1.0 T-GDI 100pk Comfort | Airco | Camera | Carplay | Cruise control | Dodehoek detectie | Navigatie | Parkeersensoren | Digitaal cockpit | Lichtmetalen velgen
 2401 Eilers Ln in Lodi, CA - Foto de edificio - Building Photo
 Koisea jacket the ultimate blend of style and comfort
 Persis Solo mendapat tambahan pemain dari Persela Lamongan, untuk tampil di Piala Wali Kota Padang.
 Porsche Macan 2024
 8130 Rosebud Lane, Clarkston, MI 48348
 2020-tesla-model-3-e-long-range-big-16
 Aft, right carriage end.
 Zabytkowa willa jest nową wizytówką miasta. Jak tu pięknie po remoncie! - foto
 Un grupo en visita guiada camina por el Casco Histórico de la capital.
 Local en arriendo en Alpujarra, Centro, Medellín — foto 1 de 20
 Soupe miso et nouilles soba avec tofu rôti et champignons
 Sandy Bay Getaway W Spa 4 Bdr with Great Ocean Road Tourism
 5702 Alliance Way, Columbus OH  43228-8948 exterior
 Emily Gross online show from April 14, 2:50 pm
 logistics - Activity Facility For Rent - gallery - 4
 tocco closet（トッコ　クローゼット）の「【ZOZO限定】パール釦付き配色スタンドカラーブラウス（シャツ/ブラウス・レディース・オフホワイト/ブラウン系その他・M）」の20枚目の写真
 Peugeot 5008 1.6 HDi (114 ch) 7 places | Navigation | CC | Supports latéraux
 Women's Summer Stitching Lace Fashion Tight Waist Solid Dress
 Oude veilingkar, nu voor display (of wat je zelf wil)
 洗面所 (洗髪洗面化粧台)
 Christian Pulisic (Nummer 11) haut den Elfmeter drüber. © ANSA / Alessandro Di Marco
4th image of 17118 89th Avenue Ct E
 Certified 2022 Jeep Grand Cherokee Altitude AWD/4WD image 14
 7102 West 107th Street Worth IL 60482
++++
• **Exercise**:
Nothing may be left out. Retype all the entries exactly.

• **Result**:
1.0 T-GDI 100pk Comfort | Airco | Camera | Carplay | Cruise control | Dodehoek detectie | Navigatie | Parkeersensoren | Digitaal cockpit | Lichtmetalen velgen
 2401 Eilers Ln in Lodi, CA - Foto de edificio - Building Photo
 Koisea jacket the ultimate blend of style and comfort
 Persis Solo mendapat tambahan pemain dari Persela Lamongan, untuk tampil di Piala Wali Kota Padang.
 Porsche Macan 2024
 8130 Rosebud Lane, Clarkston, MI 48348
 2020-tesla-model-3-e-long-range-big-16
 Aft, right carriage end.
 Zabytkowa willa jest nową wizytówką miasta. Jak tu pięknie po remoncie! - foto
 Un grupo en visita guiada camina por el Casco Histórico de la capital.
 Local en arriendo en Alpujarra, Centro, Medellín — foto 1 de 20
 Soupe miso et nouilles soba avec tofu rôti et champignons
 Sandy Bay Getaway W Spa 4 Bdr with Great Ocean Road Tourism
 5702 Alliance Way, Columbus OH  43228-8948 exterior
 Emily Gross online show from April 14, 2:50 pm
 logistics - Activity Facility For Rent - gallery - 4
 tocco closet（トッコ　クローゼット）の「【ZOZO限定】パール釦付き配色スタンドカラーブラウス（シャツ/ブラウス・レディース・オフホワイト/ブラウン系その他・M）」の20枚目の写真
 Peugeot 5008 1.6 HDi (114 ch) 7 places | Navigation | CC | Supports latéraux
 Women's Summer Stitching Lace Fashion Tight Waist Solid Dress
 Oude veilingkar, nu voor display (of wat je zelf wil)
 洗面所 (洗髪洗面化粧台)
 Christian Pulisic (Nummer 11) haut den Elfmeter drüber. © ANSA / Alessandro Di Marco
4th image of 17118 89th Avenue Ct E
 Certified 2022 Jeep Grand Cherokee Altitude AWD/4WD image 14
 7102 West 107th Street Worth IL 60482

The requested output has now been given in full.